With around 60% of pork consumed in NZ being imported (some from countries using pig-farming practices that NZ has banned) and around 70% of pig farms using Farrowing Crates in NZ, this ‘upsetting’ consumer feedback is not good news for supermarkets in New Zealand.

Factory farming methods are about increased animal productivity; fuelling an increased consumption of cheap meat with little regard for animal welfare explains Ben Pearson, Head of Campaigns New Zealand at World Animal Protection:

“Low welfare industrial farming conditions for pigs can lead to severe physical pain and psychological distress as they are unable to express natural foraging and nesting behaviour.

“It doesn’t have to be this way here in NZ or around the world. We need to see an end to close confinement and barren environments, so pigs can live in social groups in comfortable environments with opportunities to express natural behaviour.

“Supermarkets hold the power to create better lives for pigs. We are encouraging customers of leading supermarkets, around the world, to let them know they expect higher welfare standards for pork products, with the guarantee that pigs are raised right.”

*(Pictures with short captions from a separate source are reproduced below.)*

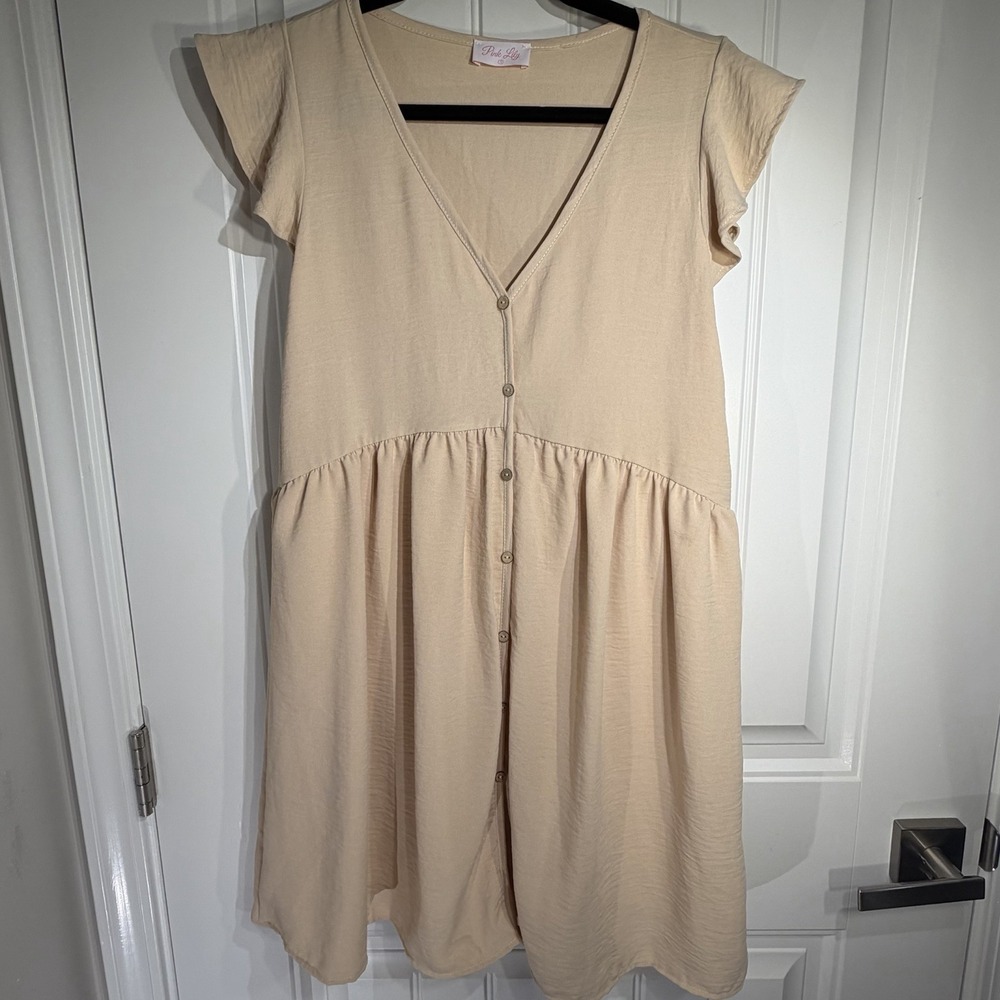 Pink Lily Beige Button Front Babydoll Mini Dress Boho Flutter Sleeve Small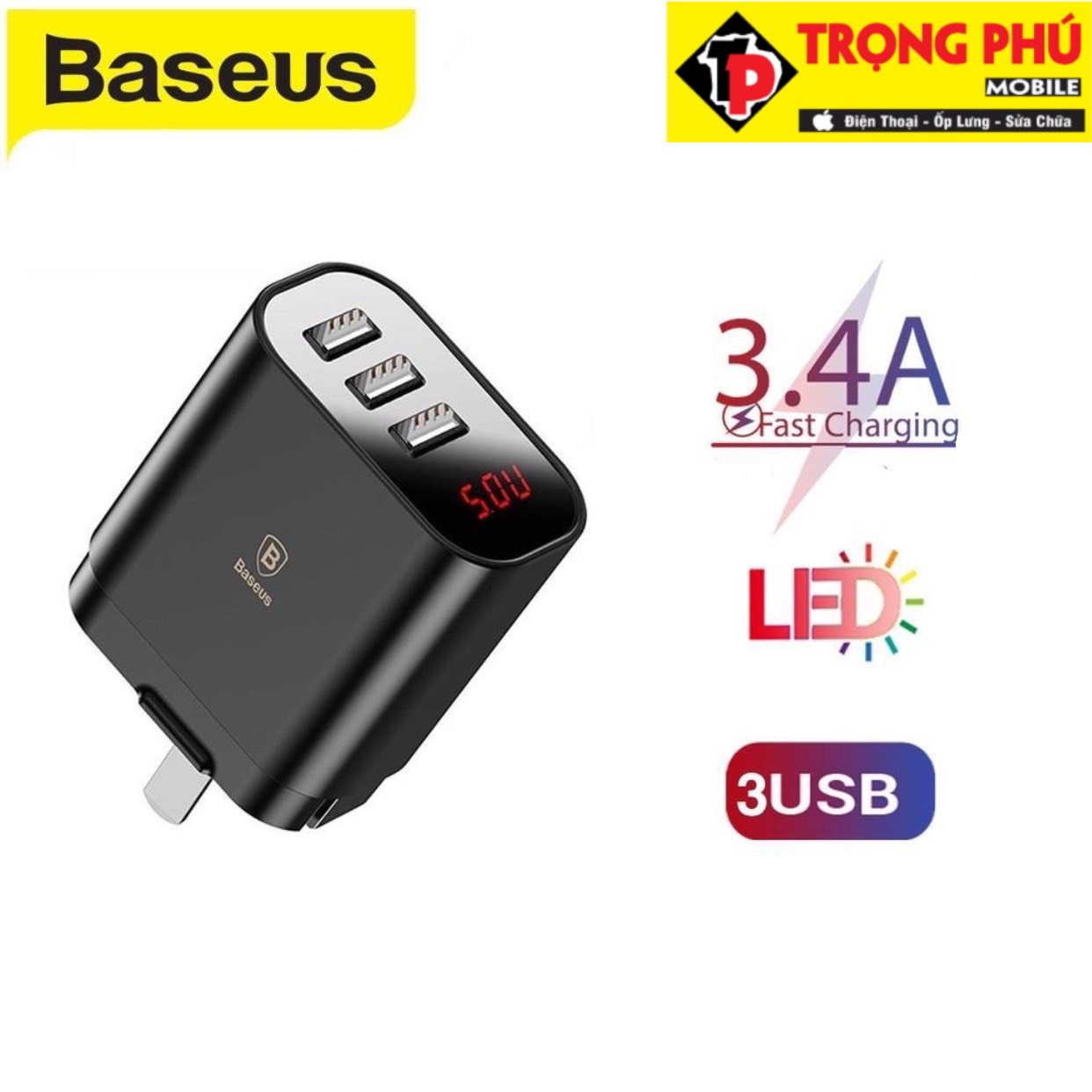 Cốc sạc Baseus Mirror Lake Intelligent 3USB 3.4A Trọng phú mobile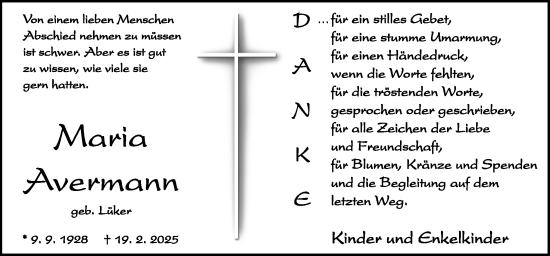 Traueranzeige von Maria Avermann von Neue Osnabrücker Zeitung GmbH & Co. KG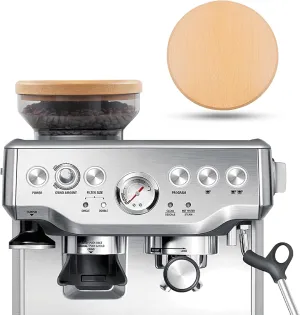 for Breville Barista Express Espresso Machine, Coffee Bean Replacement Lid on Coffee Maker Top Wooden Hopper Lid with Sealing Ring, Espresso Machine Accessories Bean Cover, Beech Wood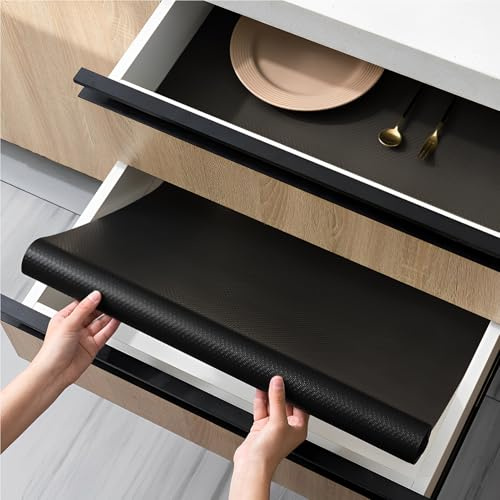 FDOUIGE Tapis de tiroir 48 x 500 cm - Eva - Antidérapant - Imperméable et non adhésif - Pour armoires de cuisine, réfrigérateur et étagères - Noir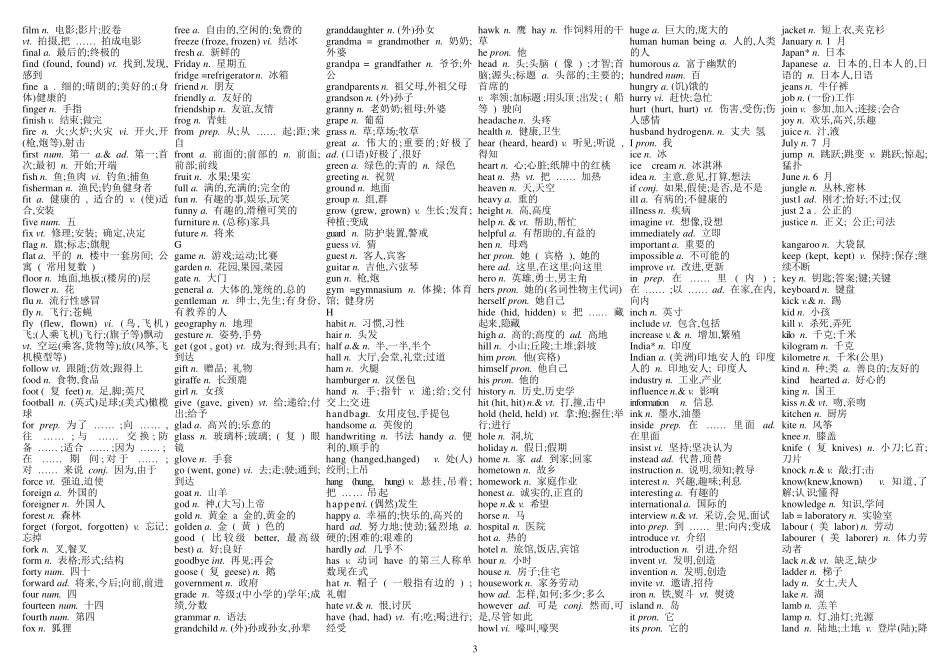 2012年英语中考必备词汇1600+短语95_第3页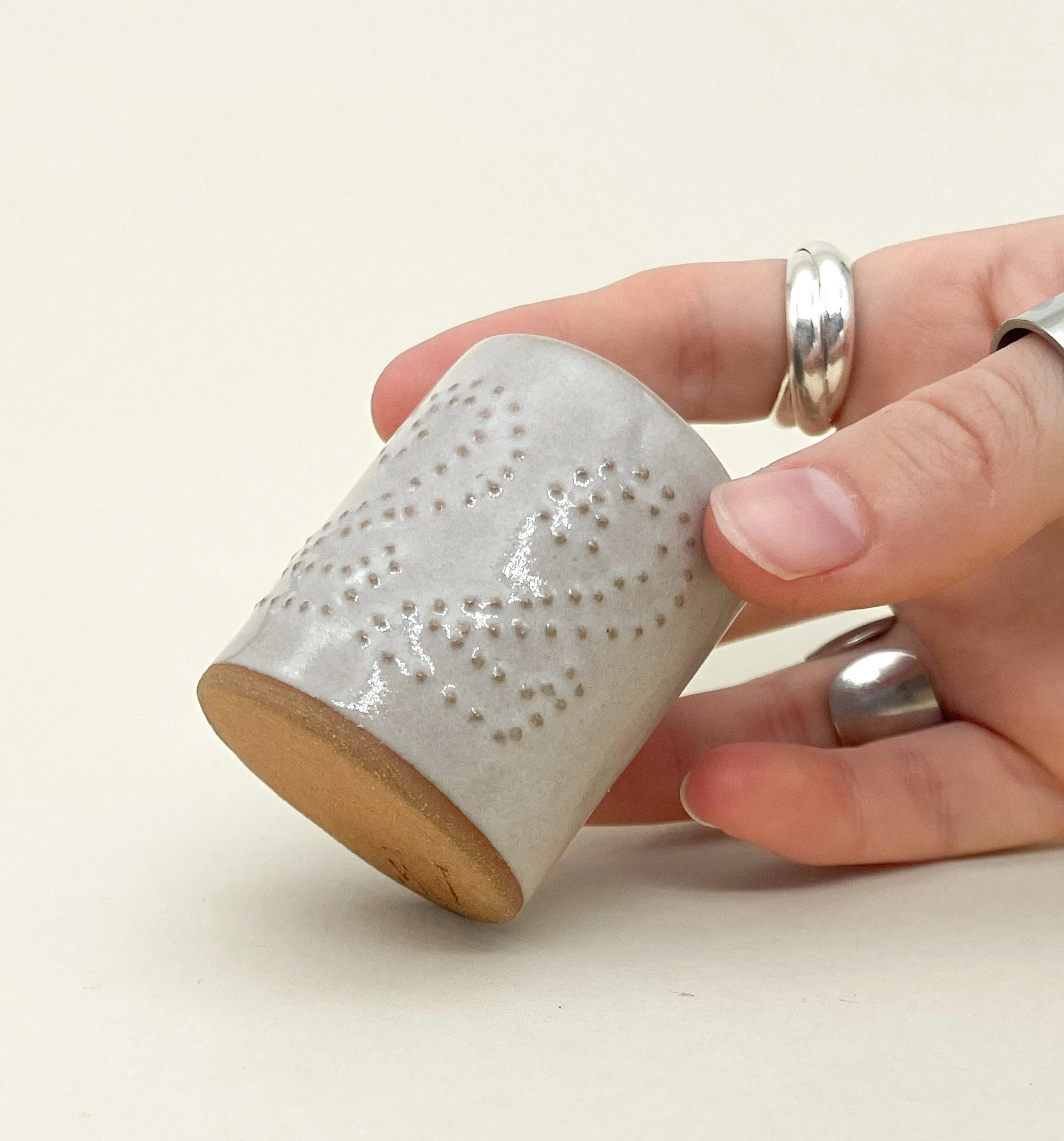 22 Shot Glass, Ceramic Shot Glass, embossed dot details, Decoration Saves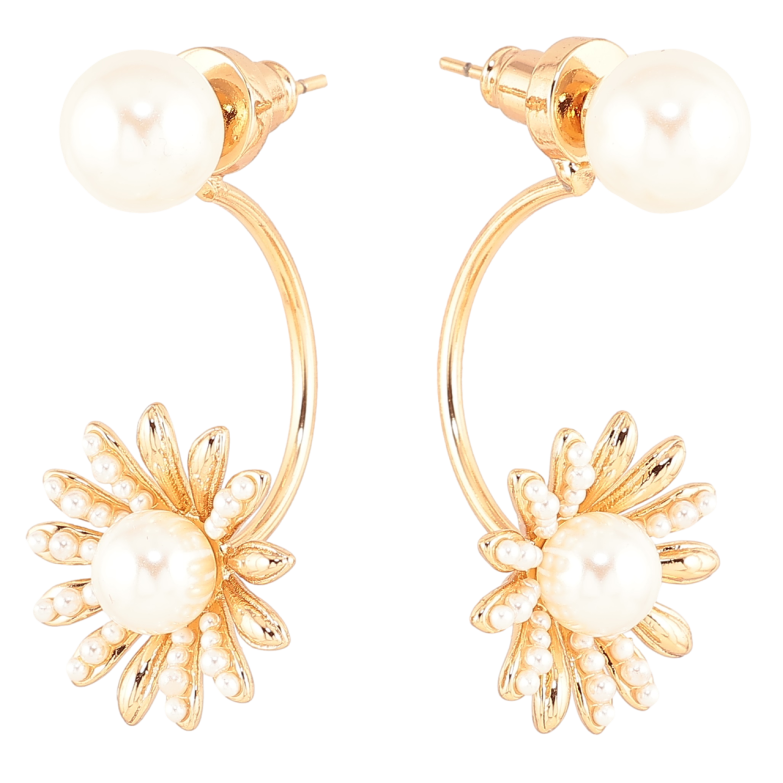 Серьги Xuping Позолота 18K пусеты-джекеты Жемчужный цветок ø 8мм, 2 в 1 фото №1 Серьги Xuping Позолота 18K пусеты-джекеты Жемчужный цветок ø 8мм, 2 в 1 фото №1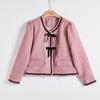 Top de manga abullonada rosa frambuesa Lizhiqi para mujer, nuevo de primavera, chaqueta estilo Chanel entallada con lazo, estilo corto 220580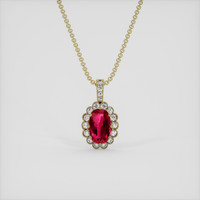 1.01 Ct. Pinkish Red Ruby Pendant, 14K Yellow Gold 1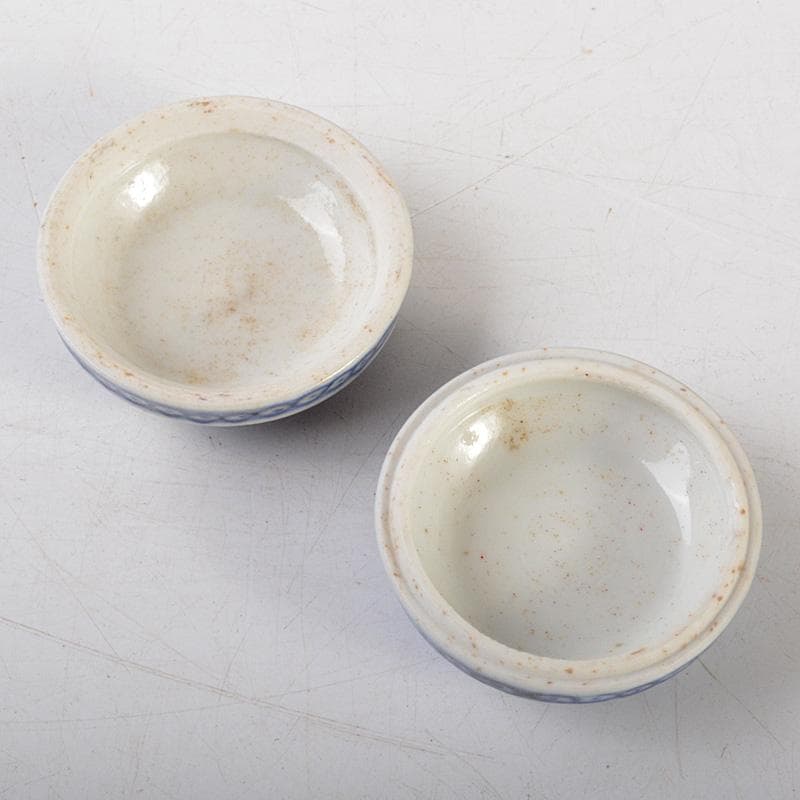 中国　新渡　染付　花文　小さな香合　N　6479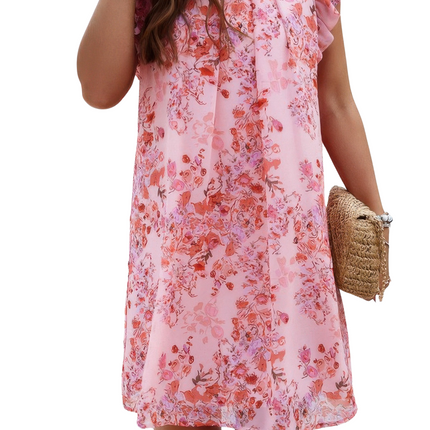 Womens Dresses Floral Print Elegant Sleeveless Ruffle A Line Dress Casual Chic Lightweight Basic Summer Sundress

World Animal Protection is working with global producers to develop higher welfare systems, enabling pigs to be kept out of cages and in social groups. We are appealing to the public to help drive change by telling the supermarkets they shop in, to shift to higher welfare standards when sourcing pork.

Ben Pearson concludes: “Higher welfare is good for animals, good for business and good for people. Good animal welfare reduces stress, injury and disease, decreasing the use of antibiotics, and providing high quality and safe pork for you and your family.”

World Animal Protection is asking the public to sign their petition and demand supermarkets make a promise to sell pork from pigs that have been raised right.

Find out more here: Raise Pigs Right

ENDS

Notes to Editors

1. For media interviews, images, or video clips please contact:elainemcnee@worldanimalprotection.org.nz or Tel: 021 452 469.
2.
3. Read the – A Pig’s Tale – Report on exposing the facts behind factory farming.
4.
5. Four studies were conducted by World Animal Protection between October 2017 and March 2018 covering 11 countries and five continents:
6.
• USA: “Pigs and Retailers Strategic Market Assessment”

• Australia, Brazil and Thailand: “International Attitudes towards Pig Welfare and Retailer Responsibilities”

• Canada, Chile, Denmark, New Zealand, Sweden and UK: “Pig Welfare and the Global Consumer”

• China: “Awareness and attitudes to pig welfare in China”

World Animal Protection:

World Animal Protection (formerly known as the World Society for the Protection of Animals) has moved the world to protect animals for the last 50 years. World Animal Protection works to give animals a better life. Its activities include working with companies to ensure high standards of welfare for the animals in their care, working with governments and other stakeholders to prevent wild animals being cruelly traded, trapped or killed, and saving the lives of animals and the livelihoods of the people who depend on them in disaster situations.

World Animal Protection influences decision makers to put animals on the global agenda, and it inspires people to protect animals and to change animals’ lives for the better. More information on World Animal Protection can be found at: www.worldanimalprotection.org.nz

*Methodology of Survey:

Polling company Voodoo carried out the global Survey on behalf of World Animal Protection and involved interviews with more than 1000 consumers conducted in each country, including New Zealand.